## Description of the task:
No line before the one containing "1965 Pontiac LeMans GTO" should appear; that line and all lines after it, through the end of the data, are to be set down exactly.

## Data excerpts:
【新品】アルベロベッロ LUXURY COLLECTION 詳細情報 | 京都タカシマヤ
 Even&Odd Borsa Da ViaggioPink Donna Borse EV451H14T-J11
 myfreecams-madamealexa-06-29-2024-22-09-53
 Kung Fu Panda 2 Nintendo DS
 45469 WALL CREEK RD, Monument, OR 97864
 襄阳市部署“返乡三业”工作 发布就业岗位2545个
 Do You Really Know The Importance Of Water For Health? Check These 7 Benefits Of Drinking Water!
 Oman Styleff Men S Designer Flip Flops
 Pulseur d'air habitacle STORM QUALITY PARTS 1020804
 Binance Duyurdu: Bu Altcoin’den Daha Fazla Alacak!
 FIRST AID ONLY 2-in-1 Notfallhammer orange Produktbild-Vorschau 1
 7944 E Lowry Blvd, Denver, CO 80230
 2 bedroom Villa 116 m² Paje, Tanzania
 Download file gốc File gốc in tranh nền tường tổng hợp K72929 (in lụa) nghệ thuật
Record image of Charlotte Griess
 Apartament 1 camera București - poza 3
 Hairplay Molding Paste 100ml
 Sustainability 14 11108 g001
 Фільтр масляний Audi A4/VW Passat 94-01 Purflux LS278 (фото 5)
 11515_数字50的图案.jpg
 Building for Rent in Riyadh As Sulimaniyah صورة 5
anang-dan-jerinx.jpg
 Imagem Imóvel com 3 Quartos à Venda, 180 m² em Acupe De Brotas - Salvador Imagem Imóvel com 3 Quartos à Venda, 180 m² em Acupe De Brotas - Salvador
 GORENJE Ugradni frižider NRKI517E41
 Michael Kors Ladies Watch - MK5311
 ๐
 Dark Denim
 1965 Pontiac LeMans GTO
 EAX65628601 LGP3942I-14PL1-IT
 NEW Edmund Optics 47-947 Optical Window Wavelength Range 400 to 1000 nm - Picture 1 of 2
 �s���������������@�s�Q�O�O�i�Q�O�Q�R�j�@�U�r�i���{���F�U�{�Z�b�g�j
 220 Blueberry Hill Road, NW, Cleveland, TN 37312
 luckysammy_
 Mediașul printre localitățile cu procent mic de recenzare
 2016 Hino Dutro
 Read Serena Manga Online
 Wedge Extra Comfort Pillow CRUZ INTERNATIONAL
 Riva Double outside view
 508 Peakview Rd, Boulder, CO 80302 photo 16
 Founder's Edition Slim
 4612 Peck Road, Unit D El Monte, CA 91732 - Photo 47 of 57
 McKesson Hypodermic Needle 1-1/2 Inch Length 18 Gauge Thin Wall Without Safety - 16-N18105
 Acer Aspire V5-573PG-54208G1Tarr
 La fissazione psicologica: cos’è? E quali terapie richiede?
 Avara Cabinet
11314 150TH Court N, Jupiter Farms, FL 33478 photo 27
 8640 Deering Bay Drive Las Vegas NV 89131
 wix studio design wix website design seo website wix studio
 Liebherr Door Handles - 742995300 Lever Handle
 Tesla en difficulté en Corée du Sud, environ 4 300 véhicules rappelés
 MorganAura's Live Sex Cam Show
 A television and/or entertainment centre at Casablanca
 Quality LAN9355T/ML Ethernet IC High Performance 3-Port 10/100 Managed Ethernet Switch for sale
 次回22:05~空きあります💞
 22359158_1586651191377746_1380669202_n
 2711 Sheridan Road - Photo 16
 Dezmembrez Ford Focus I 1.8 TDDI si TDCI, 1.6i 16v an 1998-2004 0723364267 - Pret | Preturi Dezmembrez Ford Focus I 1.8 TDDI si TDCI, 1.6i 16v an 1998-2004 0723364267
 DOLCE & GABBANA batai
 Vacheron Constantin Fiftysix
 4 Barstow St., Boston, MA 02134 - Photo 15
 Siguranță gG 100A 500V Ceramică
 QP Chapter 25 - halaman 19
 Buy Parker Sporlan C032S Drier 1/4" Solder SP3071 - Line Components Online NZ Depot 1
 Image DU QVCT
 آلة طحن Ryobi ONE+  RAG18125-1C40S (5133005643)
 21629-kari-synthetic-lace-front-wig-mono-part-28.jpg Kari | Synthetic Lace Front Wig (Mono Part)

## Exercise answer:
 1965 Pontiac LeMans GTO
 EAX65628601 LGP3942I-14PL1-IT
 NEW Edmund Optics 47-947 Optical Window Wavelength Range 400 to 1000 nm - Picture 1 of 2
 �s���������������@�s�Q�O�O�i�Q�O�Q�R�j�@�U�r�i���{���F�U�{�Z�b�g�j
 220 Blueberry Hill Road, NW, Cleveland, TN 37312
 luckysammy_
 Mediașul printre localitățile cu procent mic de recenzare
 2016 Hino Dutro
 Read Serena Manga Online
 Wedge Extra Comfort Pillow CRUZ INTERNATIONAL
 Riva Double outside view
 508 Peakview Rd, Boulder, CO 80302 photo 16
 Founder's Edition Slim
 4612 Peck Road, Unit D El Monte, CA 91732 - Photo 47 of 57
 McKesson Hypodermic Needle 1-1/2 Inch Length 18 Gauge Thin Wall Without Safety - 16-N18105
 Acer Aspire V5-573PG-54208G1Tarr
 La fissazione psicologica: cos’è? E quali terapie richiede?
 Avara Cabinet
11314 150TH Court N, Jupiter Farms, FL 33478 photo 27
 8640 Deering Bay Drive Las Vegas NV 89131
 wix studio design wix website design seo website wix studio
 Liebherr Door Handles - 742995300 Lever Handle
 Tesla en difficulté en Corée du Sud, environ 4 300 véhicules rappelés
 MorganAura's Live Sex Cam Show
 A television and/or entertainment centre at Casablanca
 Quality LAN9355T/ML Ethernet IC High Performance 3-Port 10/100 Managed Ethernet Switch for sale
 次回22:05~空きあります💞
 22359158_1586651191377746_1380669202_n
 2711 Sheridan Road - Photo 16
 Dezmembrez Ford Focus I 1.8 TDDI si TDCI, 1.6i 16v an 1998-2004 0723364267 - Pret | Preturi Dezmembrez Ford Focus I 1.8 TDDI si TDCI, 1.6i 16v an 1998-2004 0723364267
 DOLCE & GABBANA batai
 Vacheron Constantin Fiftysix
 4 Barstow St., Boston, MA 02134 - Photo 15
 Siguranță gG 100A 500V Ceramică
 QP Chapter 25 - halaman 19
 Buy Parker Sporlan C032S Drier 1/4" Solder SP3071 - Line Components Online NZ Depot 1
 Image DU QVCT
 آلة طحن Ryobi ONE+  RAG18125-1C40S (5133005643)
 21629-kari-synthetic-lace-front-wig-mono-part-28.jpg Kari | Synthetic Lace Front Wig (Mono Part)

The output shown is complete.